Sunday, June 14, 2009

Welfare is OK when it’s welfare for the capitalist class

Left: Figuring out how to help their banker friends

In its June 22nd edition, Business Week, a serious journal of capitalism, has an article about the banks. “A reality Check On the Banks” is the title of the article. As most of us that follow politics in any way at all are aware there is an ongoing war, a debate if you like, between sections of the capitalist class about how to move their system forward; about how to ensure the mistakes they made that almost brought the system down can be avoided in the future.

What they want to avoid is what happened last year in the early stages of the crisis when they “poured” private capital in to the banks, “figuring the worst was over” as BW puts it. Lehman failed and the banks had to eat in to their reserve funds to pay the piper. With the banks funds deleted, the taxpayer stepped in and bailed them out.

The US government has allotted some $11 trillion of taxpayer’s money to bail out capitalism. While they are telling us that things have improved, there are still trillions of dollars of bad loans on the books and capitalists will not invest as long as this situation exists. Banks still hold about $1 trillion in commercial real estate loans and, by many economists’ predictions, commercial real estate will be the next “subprime” crisis.

The article is very informative in this regard---telling us the truth about their system and the potential pitfalls. “Corporate loans, credit card debt, and construction loans also continue to sour in the face of the recession,” writes Business Week.

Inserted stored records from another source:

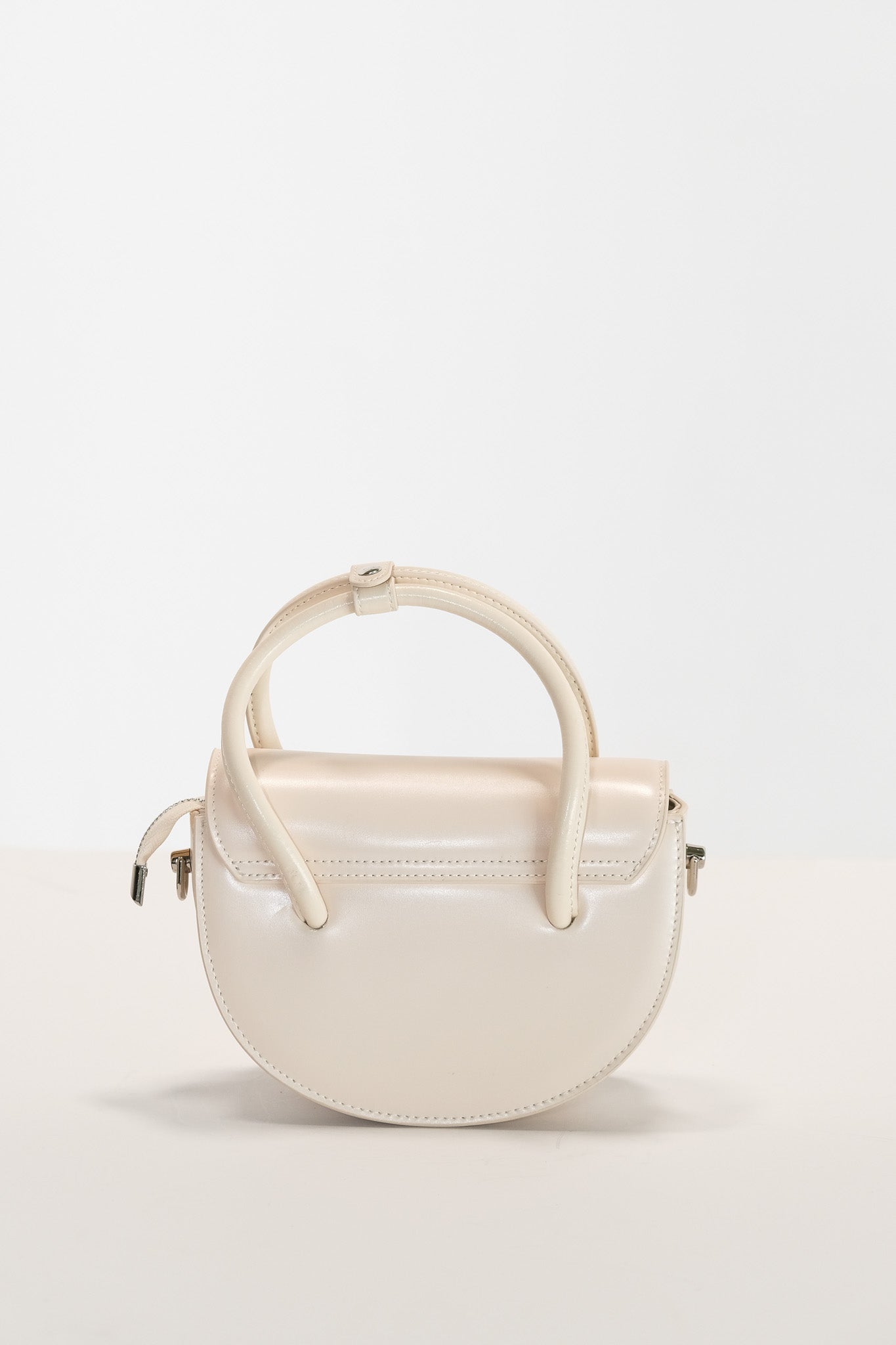 S023 / Half Moon Saddle Bag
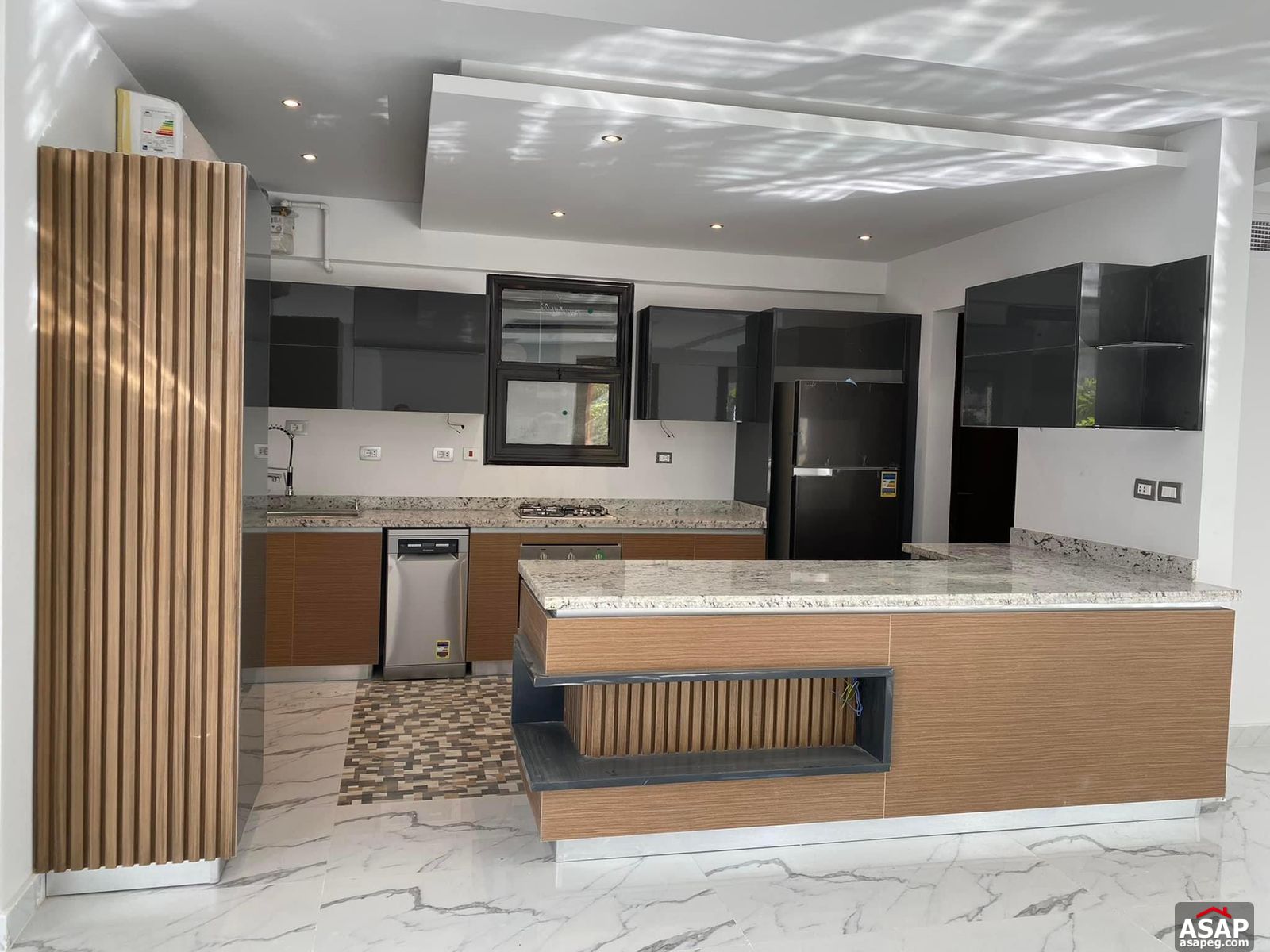 Duplex with Garden or Rent in Eastown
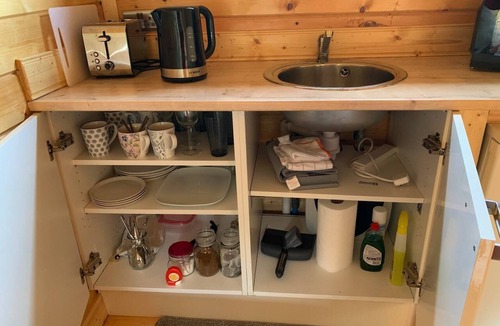 Allanfearn Ski Chalet | Immaculate Cabin 5 Mins to Inverness Dog Friendly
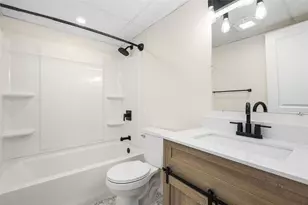 36 Cowesett Ave, West Warwick, RI 02893 - Photo 18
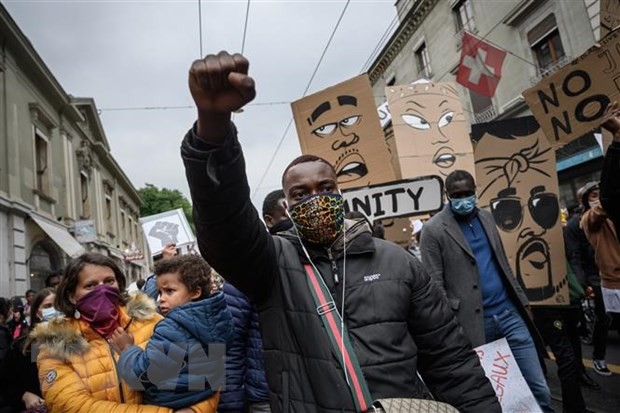 Biểu tình phản đối phân biệt chủng tộc tại Geneva, Thụy Sĩ. (Ảnh: AFP/TTXVN)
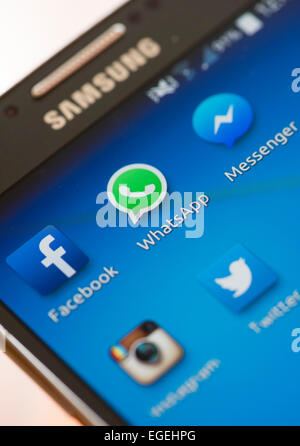 De l'icône 'WhatsApp' et d'autres applications de communication médias sociaux sur un écran tactile du smartphone Samsung Galaxy Banque D'Images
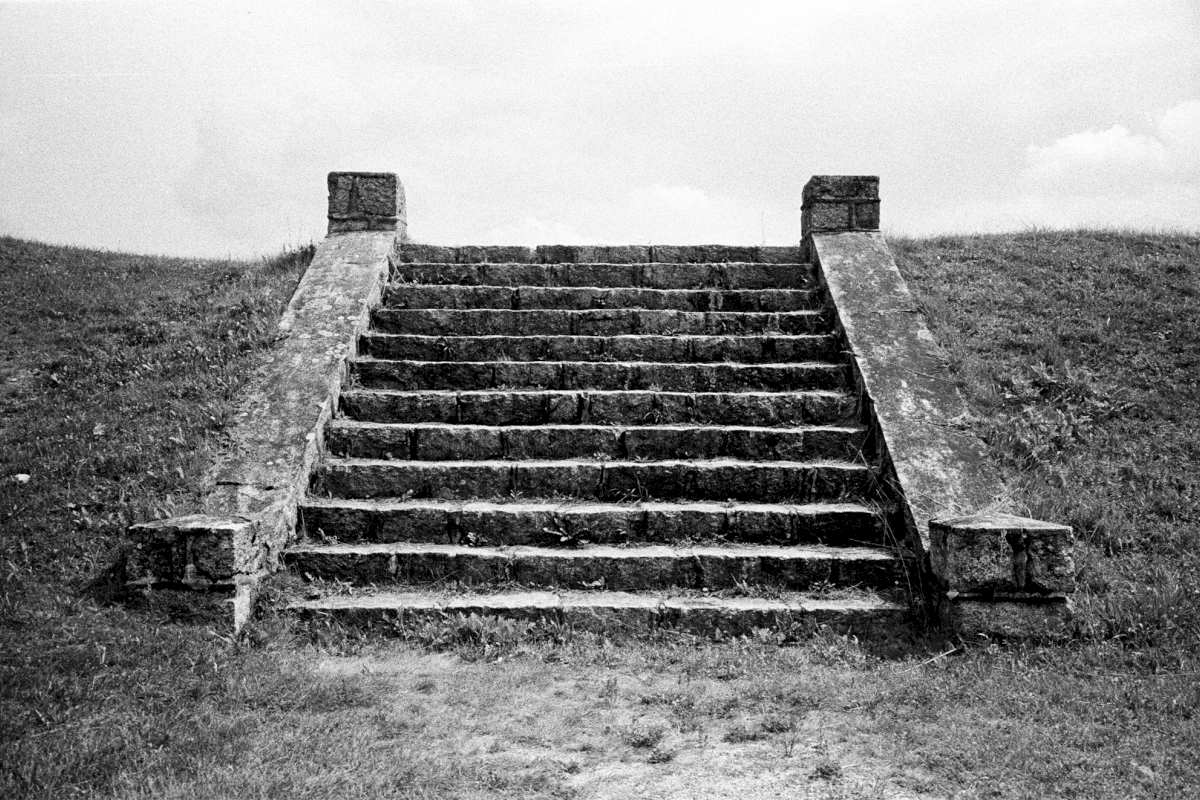 In the concentration camp Groß-Rosen/Poland about 40,000 people were murdered – often through work in the quarry. Electronics manufacturers as Siemens also profited from slave labour in the camp.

What is interesting about this particular article is their honesty. It is an honesty we don’t find in the mass consumption press, the very censored US media that they serve to the vast majority of us; they are speaking to each other in Business Week you see; they don’t have to lie.

“The government had to come to the rescue.” Says Marvin Miller about the bailout. Miller is a strategist of capital, a theoretician for them; someone who helps guide them through the ups and downs of their system. He doesn’t call them welfare queens and lazy bums for taking government money like he would a worker, a single mother or unemployed person.

Business Week is concerned about profits. They are built on a “rocky foundation” it says. They are worried about profits because they are up (yes they are up) but primarily because they used their control of political life and the government to change what they call, “accounting rules.” Do you remember Enron and the crisis with Anderson, the bookkeeping company? When they steal billions it is described as an“accounting error.” Go back and read the papers, you’ll see what I mean, same with MCI/WorldCom.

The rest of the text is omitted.